### REQUIRED WORK
An exact copy of the data is needed, one that excludes all pictures.

──────── GIVEN INFORMATION ────────

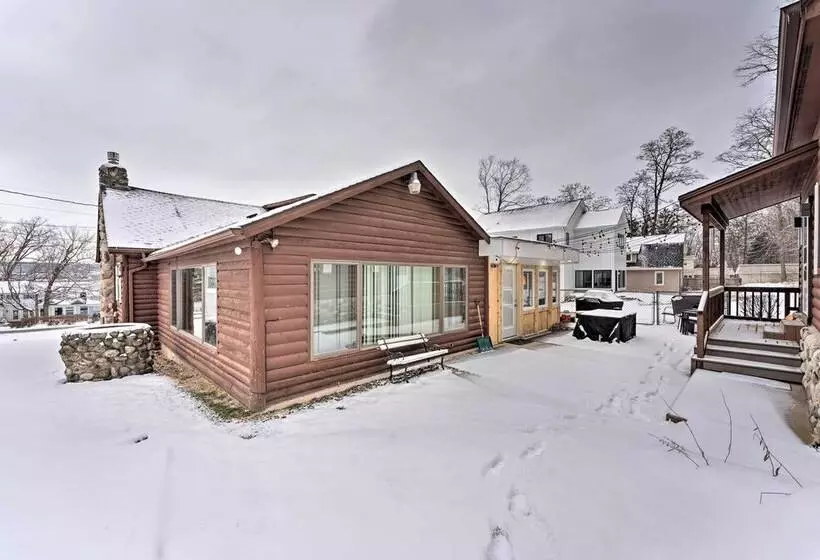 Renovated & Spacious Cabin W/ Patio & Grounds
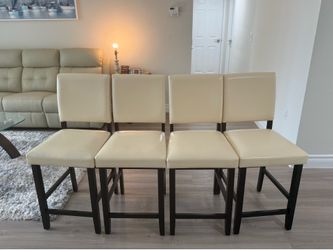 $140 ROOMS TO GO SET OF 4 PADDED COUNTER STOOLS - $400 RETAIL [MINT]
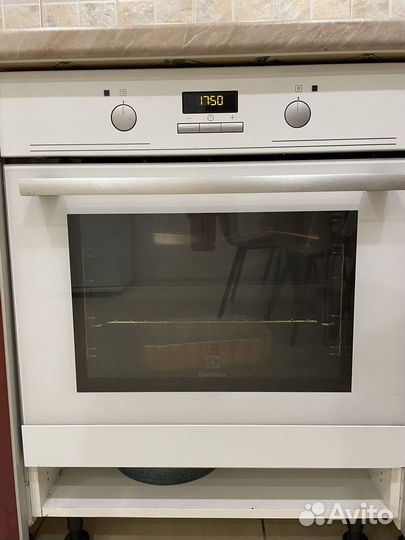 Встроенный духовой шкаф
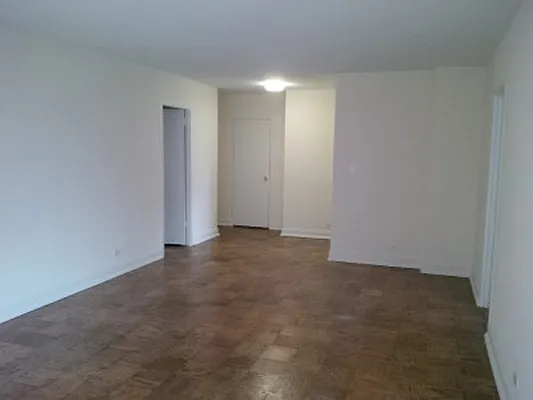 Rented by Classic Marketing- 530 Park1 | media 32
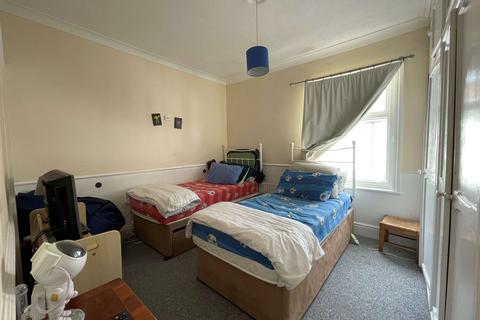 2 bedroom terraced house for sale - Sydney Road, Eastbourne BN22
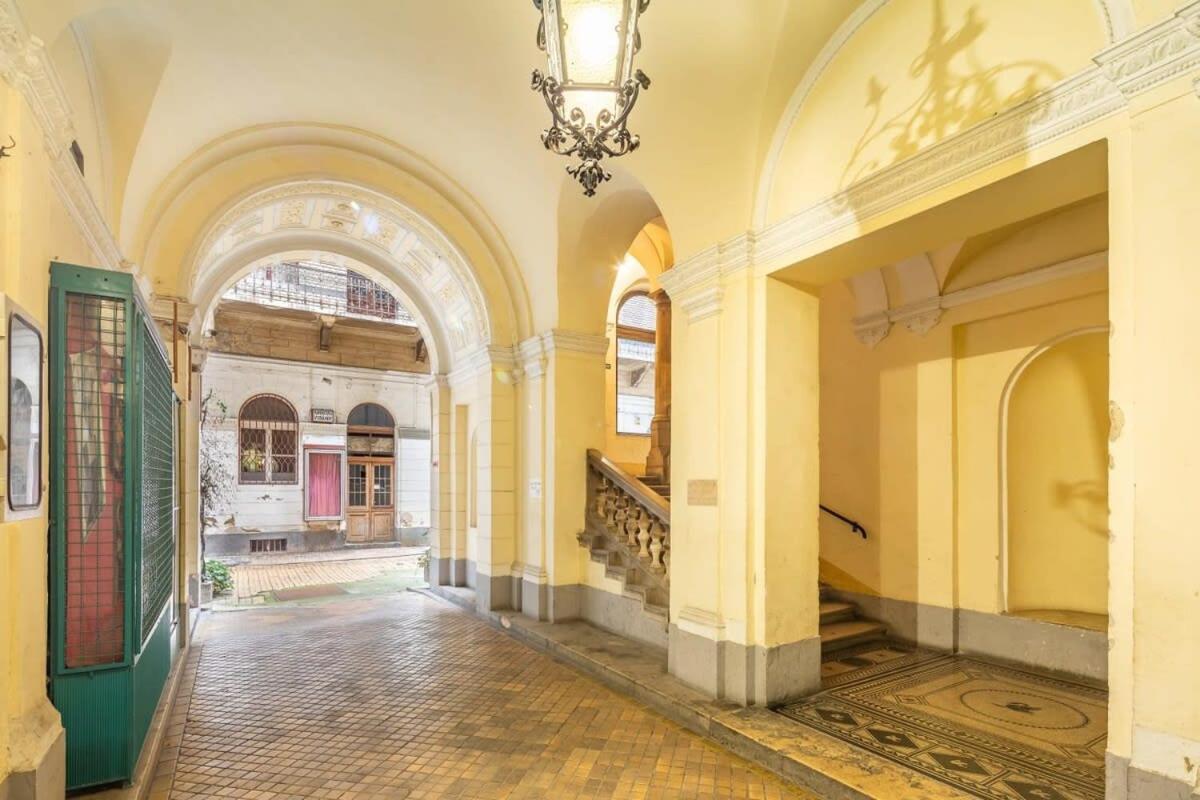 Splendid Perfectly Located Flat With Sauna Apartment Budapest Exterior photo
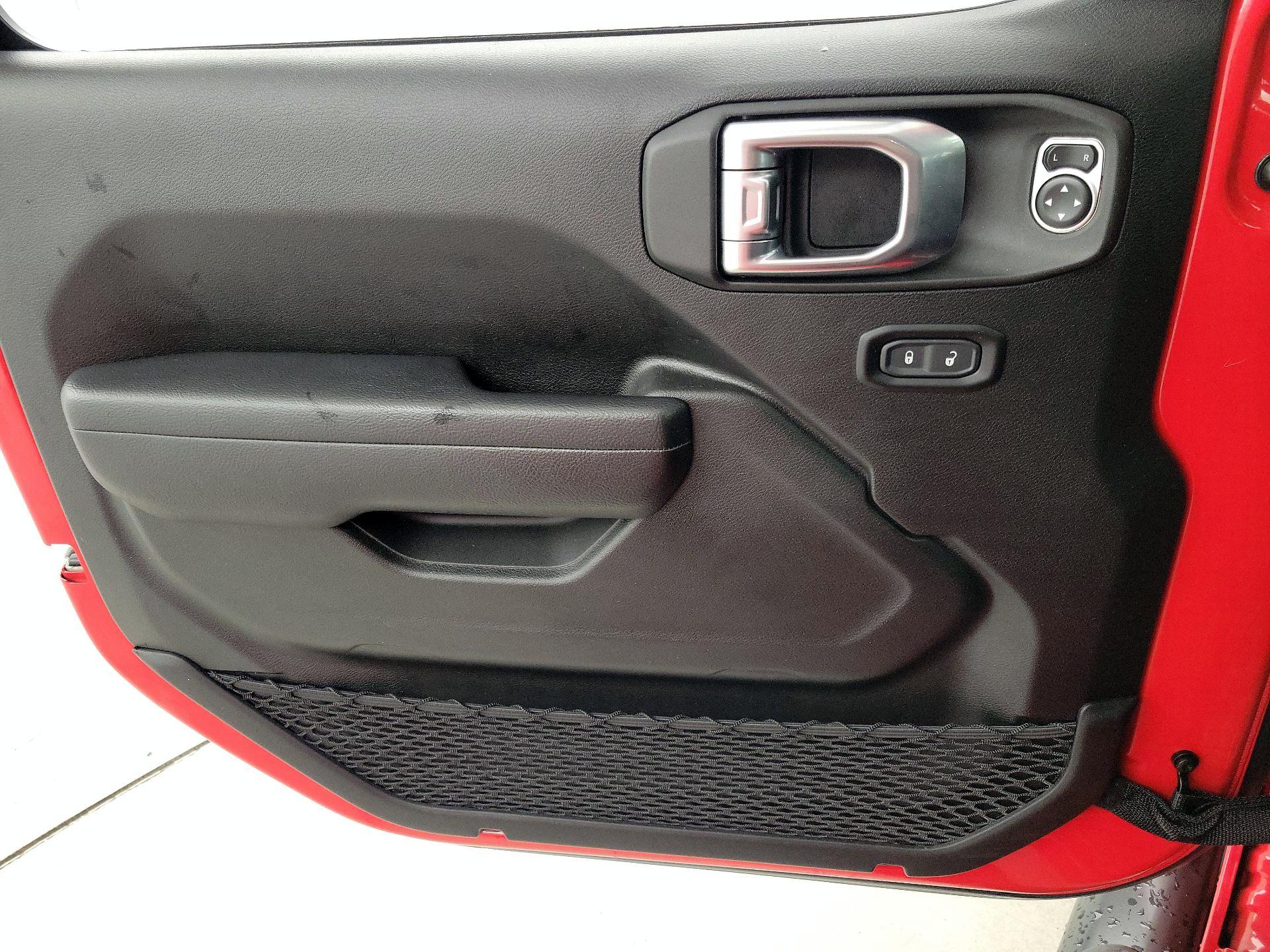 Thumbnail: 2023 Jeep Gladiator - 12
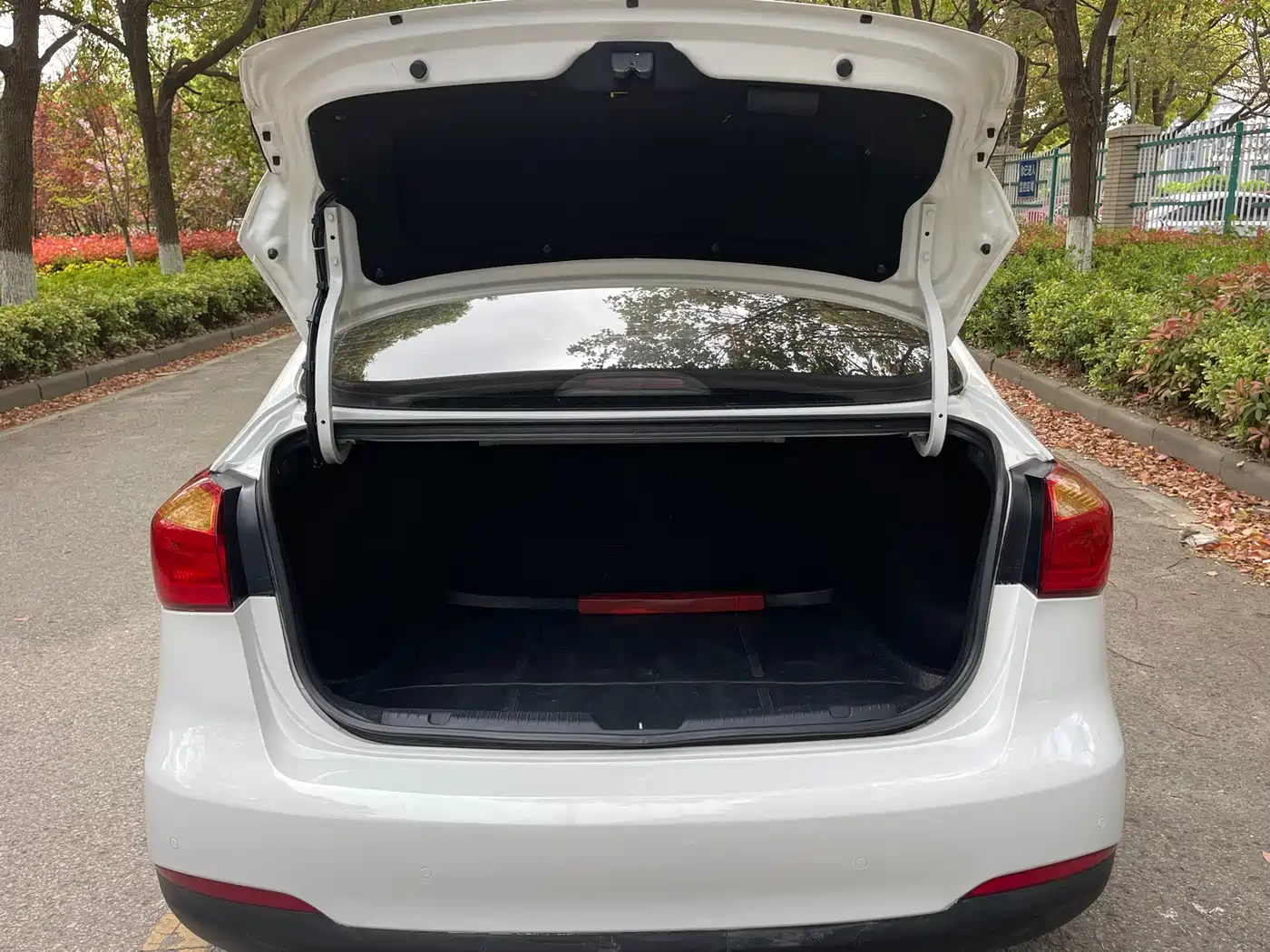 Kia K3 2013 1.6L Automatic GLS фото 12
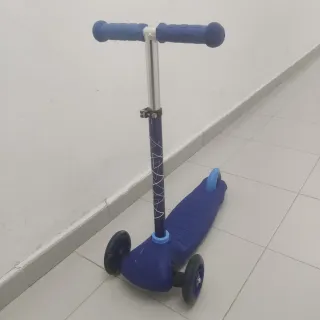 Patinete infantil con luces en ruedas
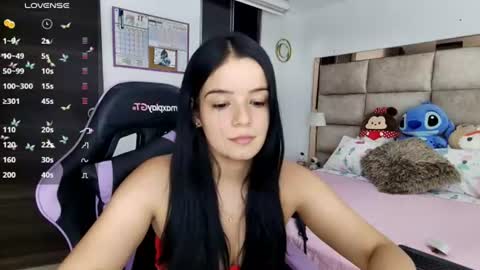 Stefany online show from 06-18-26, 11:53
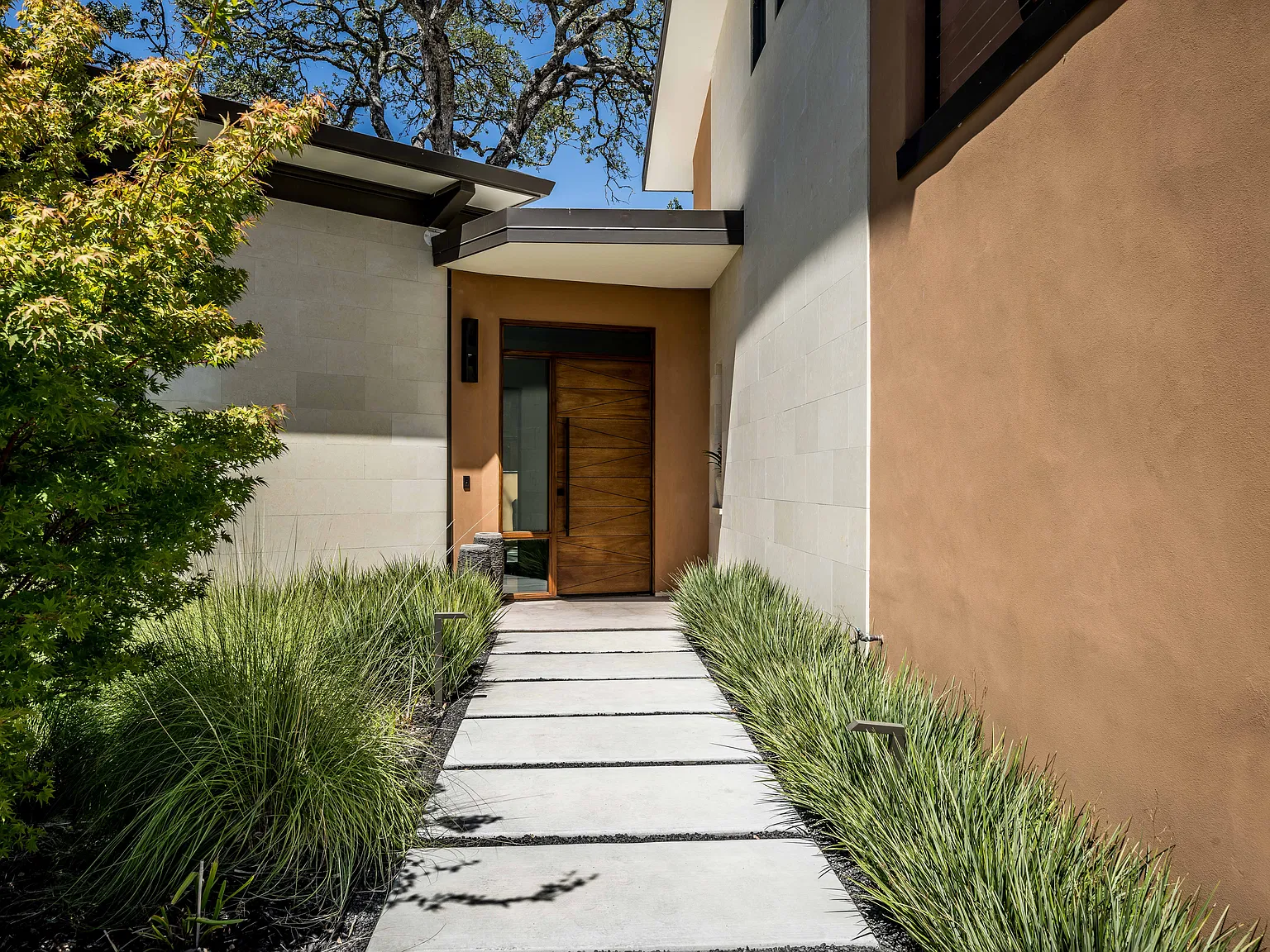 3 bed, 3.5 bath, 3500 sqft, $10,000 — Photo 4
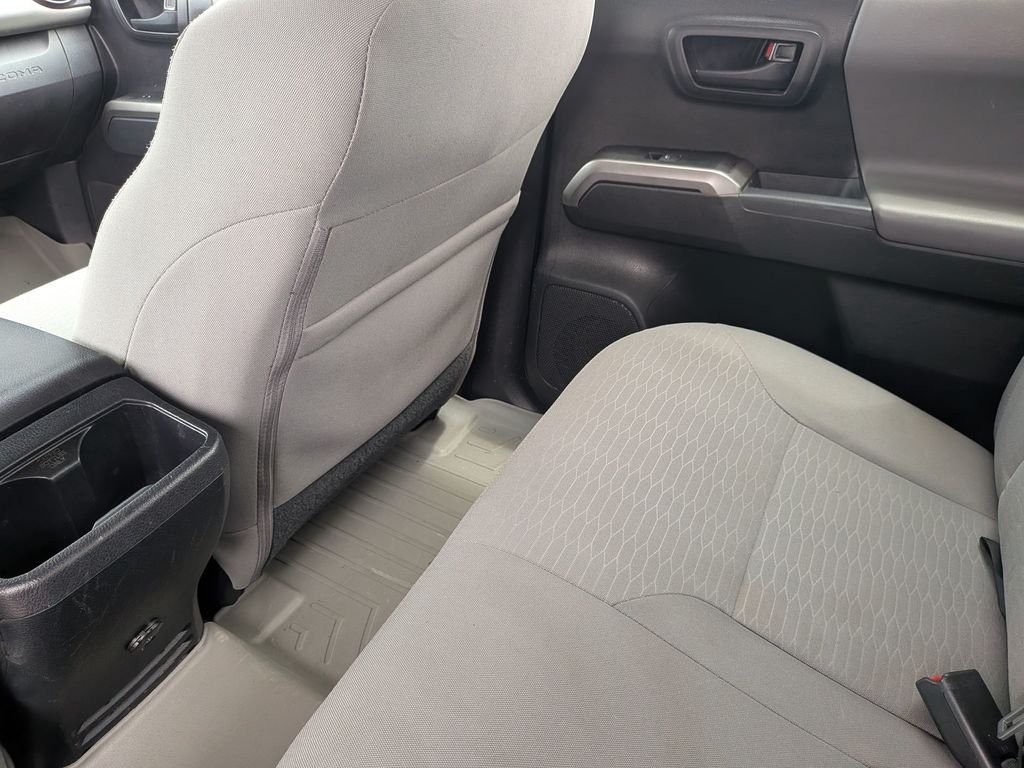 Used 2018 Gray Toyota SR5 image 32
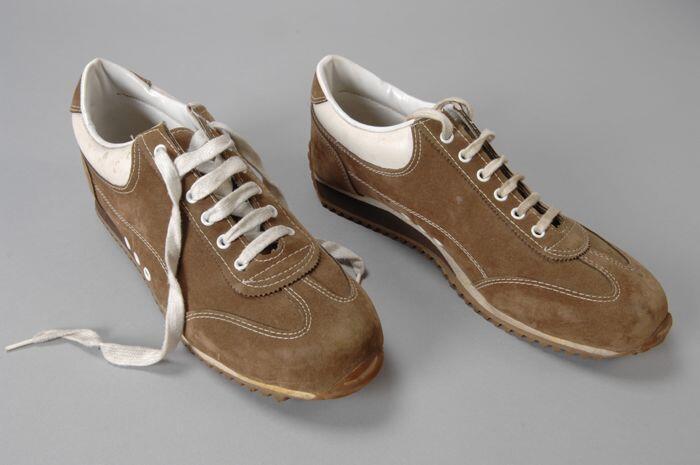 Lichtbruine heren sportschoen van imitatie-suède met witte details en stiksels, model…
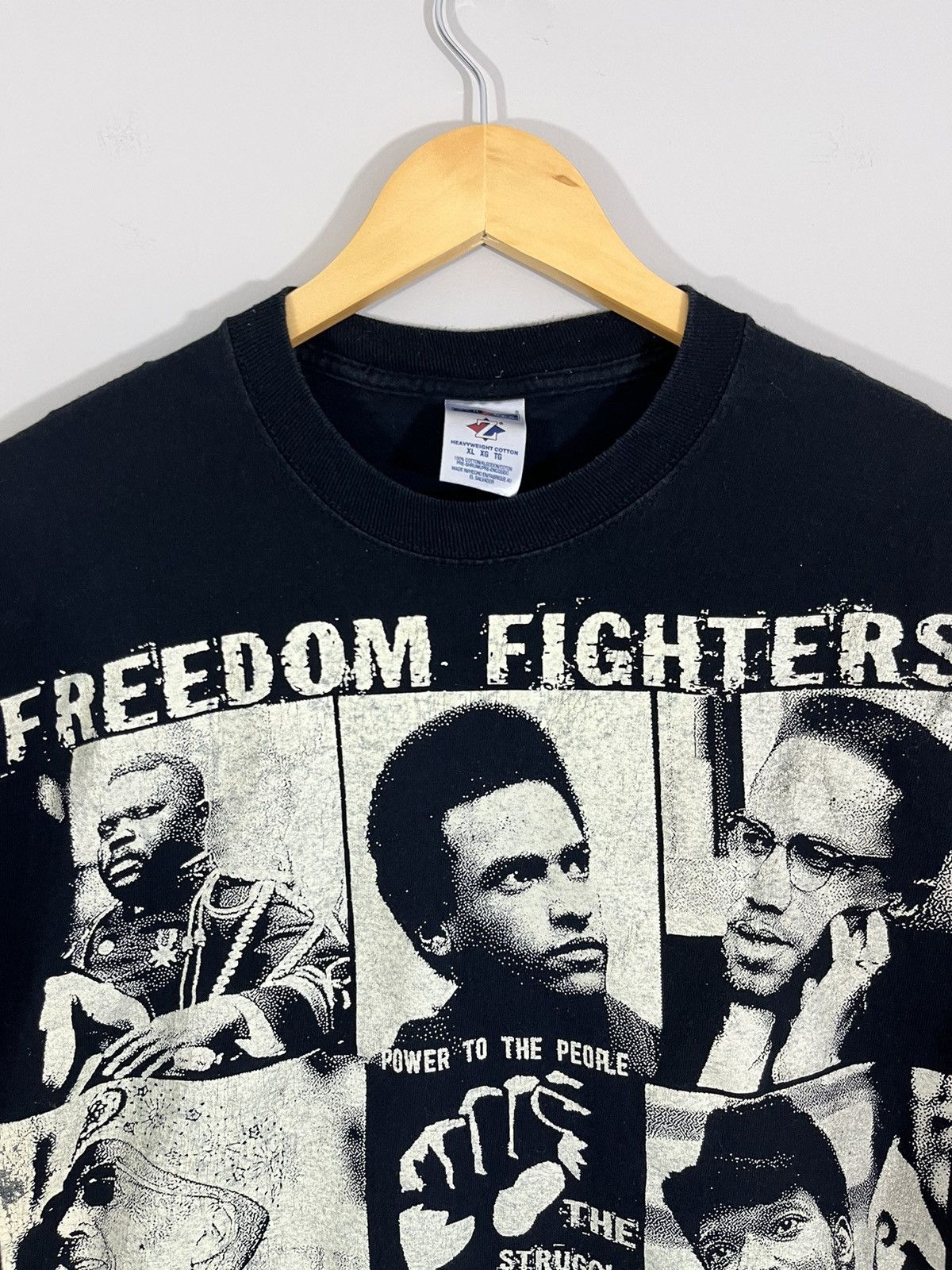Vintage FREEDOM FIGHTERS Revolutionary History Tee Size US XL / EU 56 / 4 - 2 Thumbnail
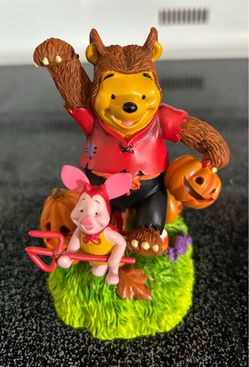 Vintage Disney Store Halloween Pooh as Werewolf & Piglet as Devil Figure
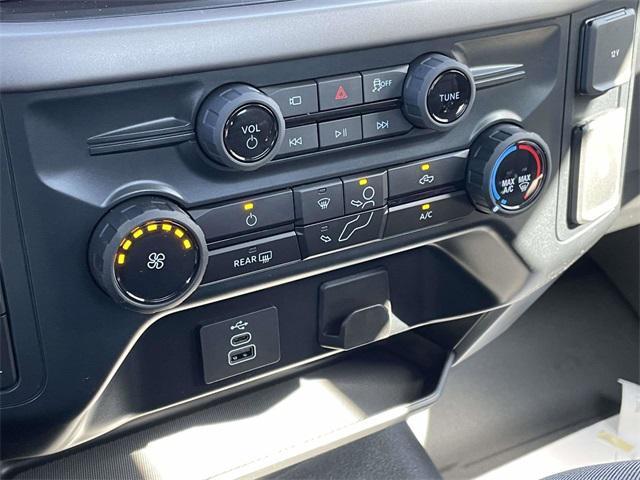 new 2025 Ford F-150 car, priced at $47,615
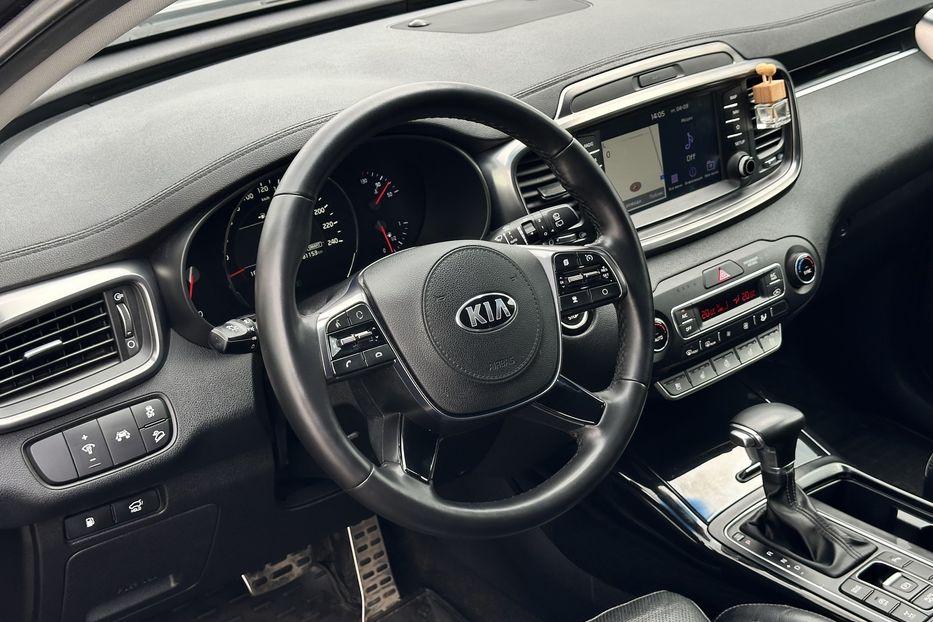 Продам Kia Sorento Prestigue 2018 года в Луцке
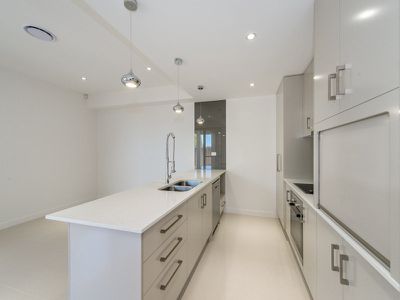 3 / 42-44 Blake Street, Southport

────────

### WRITTEN SOLUTION
 Renovated & Spacious Cabin W/ Patio & Grounds
 $140 ROOMS TO GO SET OF 4 PADDED COUNTER STOOLS - $400 RETAIL [MINT]
 Встроенный духовой шкаф
 Rented by Classic Marketing- 530 Park1 | media 32
 2 bedroom terraced house for sale - Sydney Road, Eastbourne BN22
 Splendid Perfectly Located Flat With Sauna Apartment Budapest Exterior photo
 Thumbnail: 2023 Jeep Gladiator - 12
 Kia K3 2013 1.6L Automatic GLS фото 12
 Patinete infantil con luces en ruedas
 Stefany online show from 06-18-26, 11:53
 3 bed, 3.5 bath, 3500 sqft, $10,000 — Photo 4
 Used 2018 Gray Toyota SR5 image 32
 Lichtbruine heren sportschoen van imitatie-suède met witte details en stiksels, model…
Vintage FREEDOM FIGHTERS Revolutionary History Tee Size US XL / EU 56 / 4 - 2 Thumbnail
 Vintage Disney Store Halloween Pooh as Werewolf & Piglet as Devil Figure
 new 2025 Ford F-150 car, priced at $47,615
 Продам Kia Sorento Prestigue 2018 года в Луцке
 3 / 42-44 Blake Street, Southport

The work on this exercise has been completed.